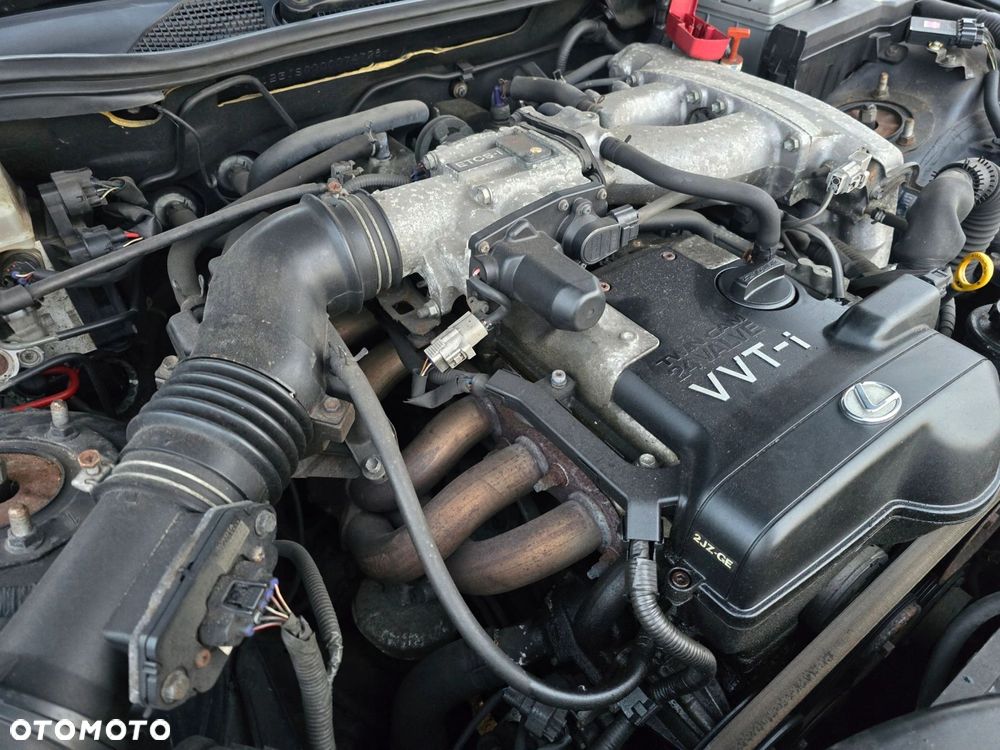 LEXUS GS 300 Silnik kompletny 3,0 2JZ-GE vvti Swap 3,0 v6 Supra - 3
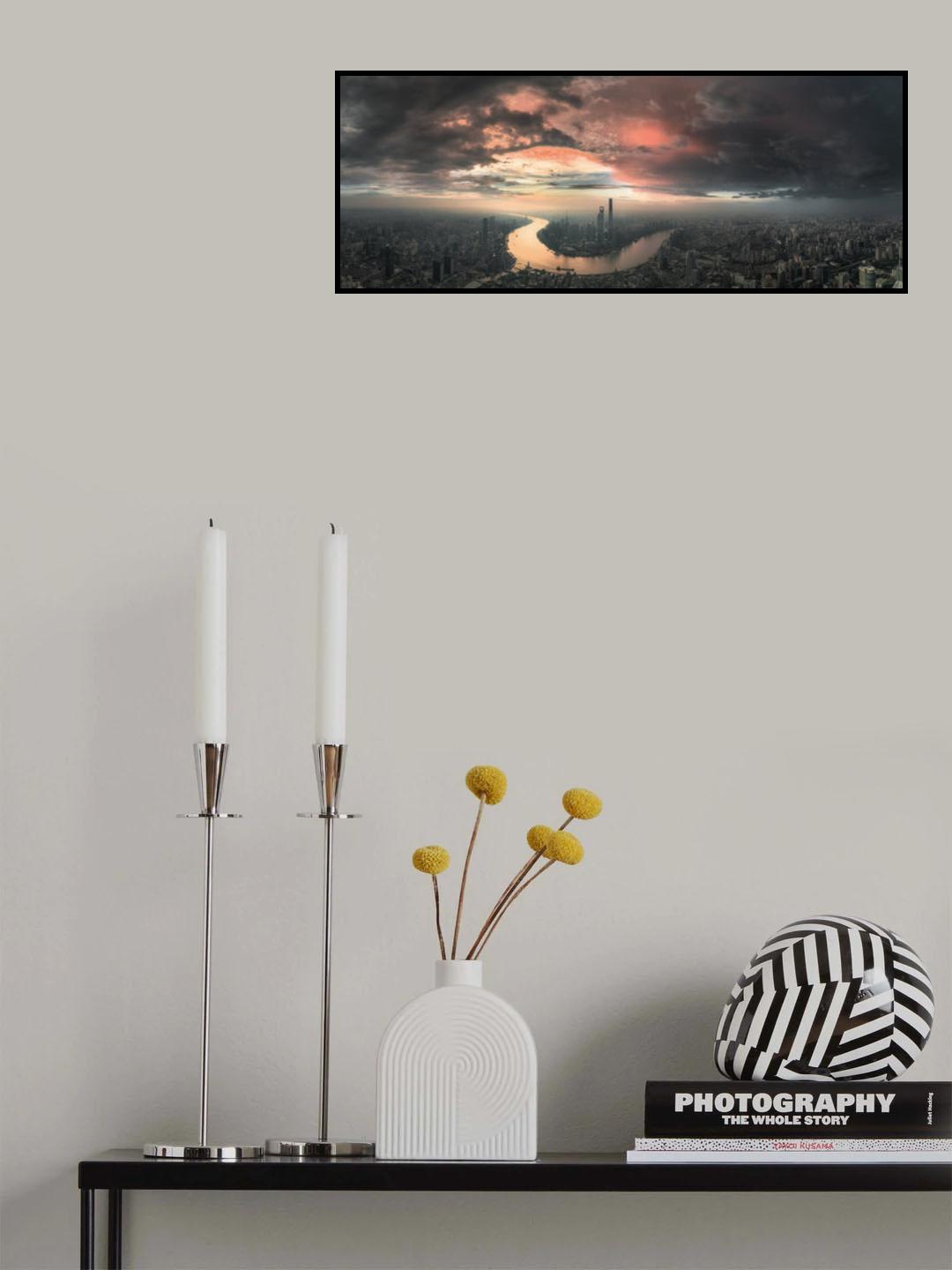 The Bay Poster och Canvastavla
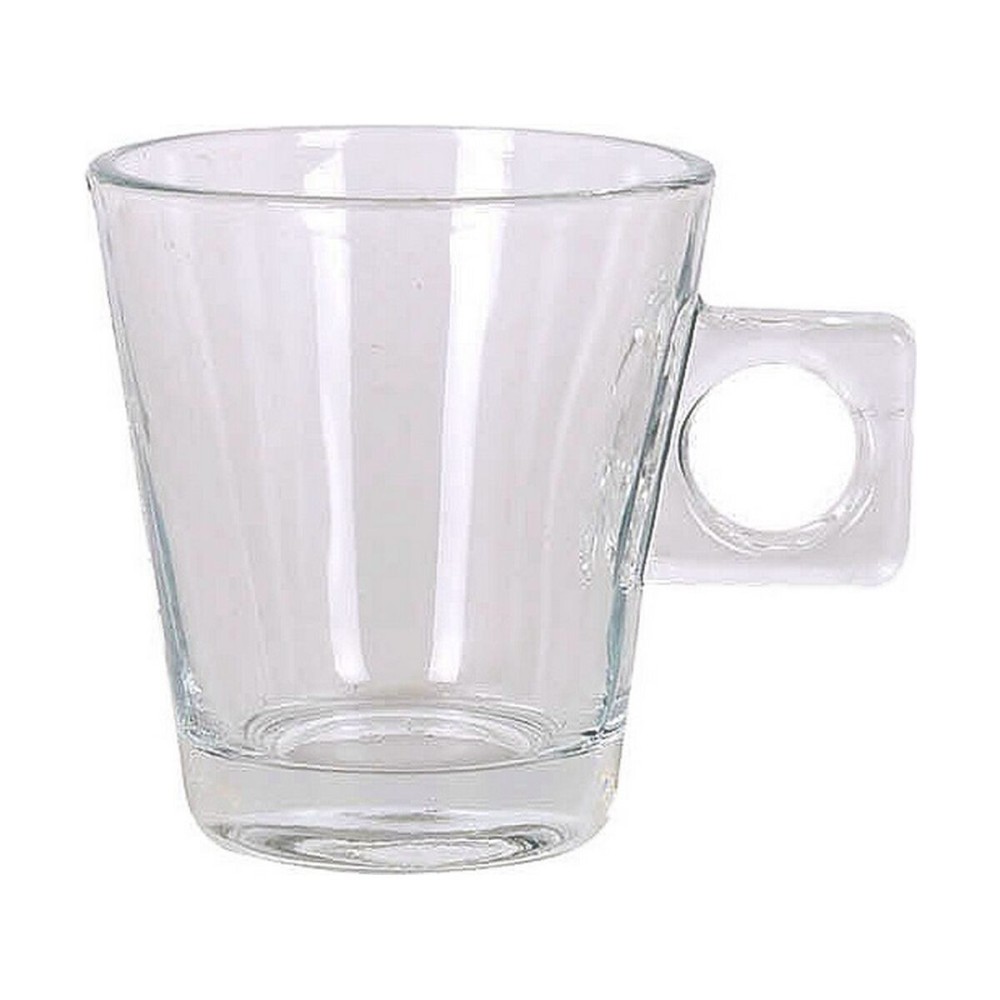 Ensemble de tasses à café Inde Lima liso 3 Pièces (24 Unités)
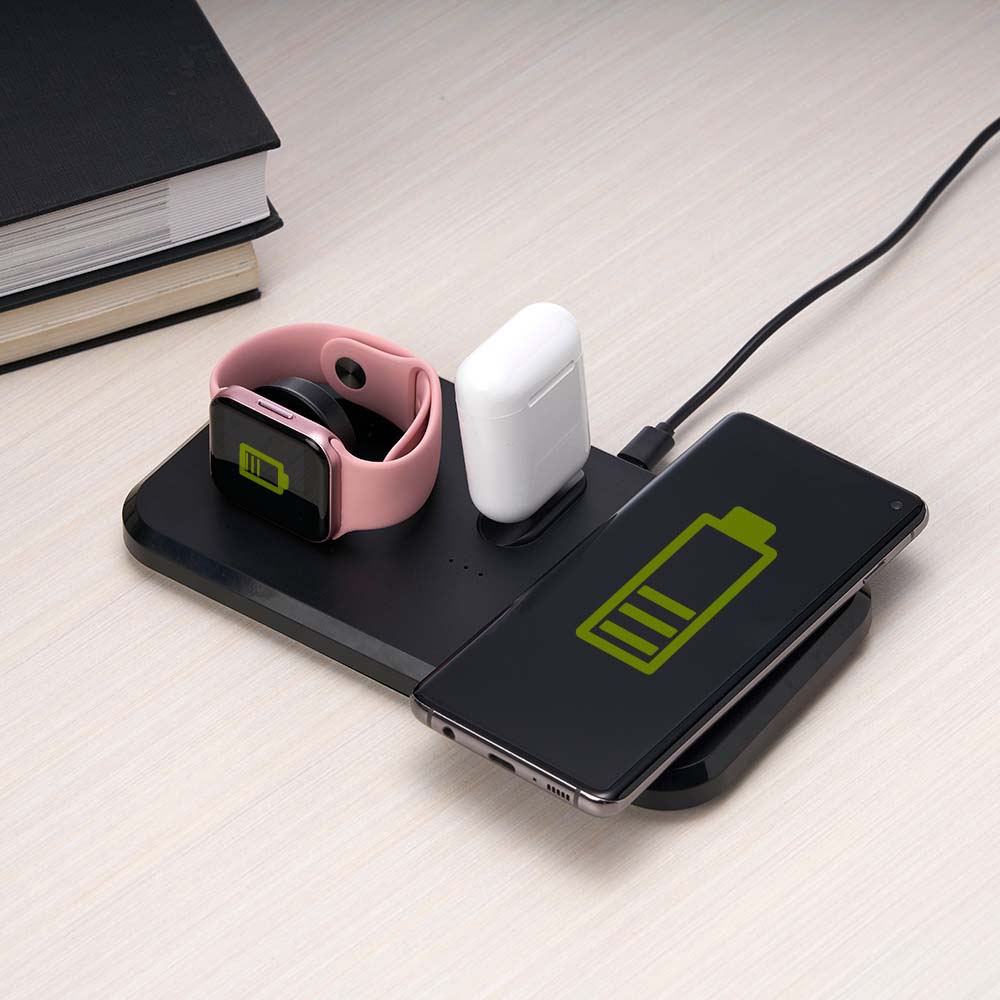 Estação de Carregamento 3 em 1 - Imagem 4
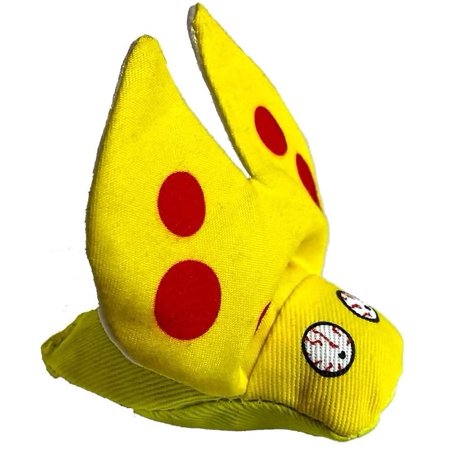Yeowww! Catnip Lady Krinkle Bug Cat Toy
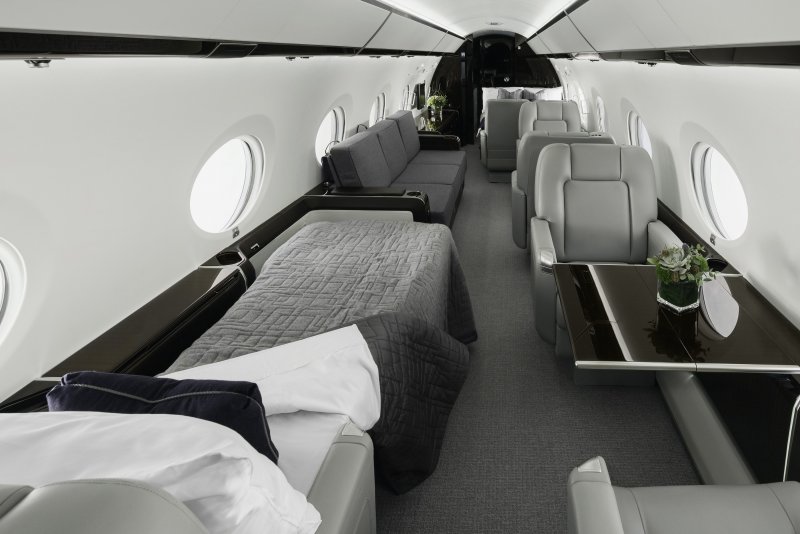 Бизнес Джет Гольфстрим g450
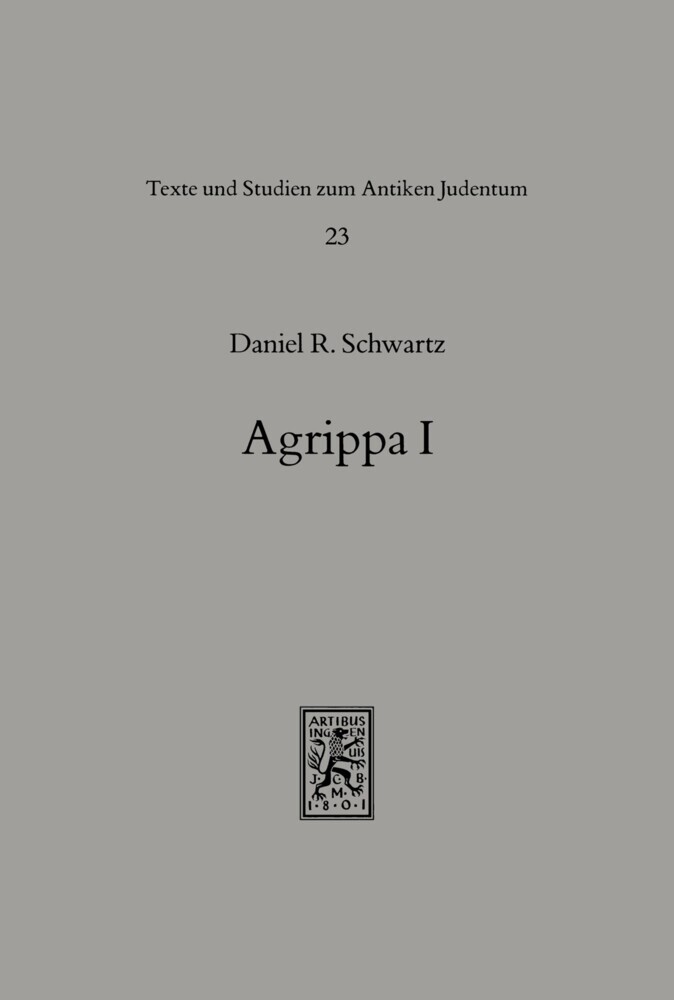 Agrippa I main product photo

******

The line containing "Бизнес Джет Гольфстрим g450" and every line after it, through the end of the records, are what you should retype exactly. Do not include the pictures.

 Бизнес Джет Гольфстрим g450
 Agrippa I main product photo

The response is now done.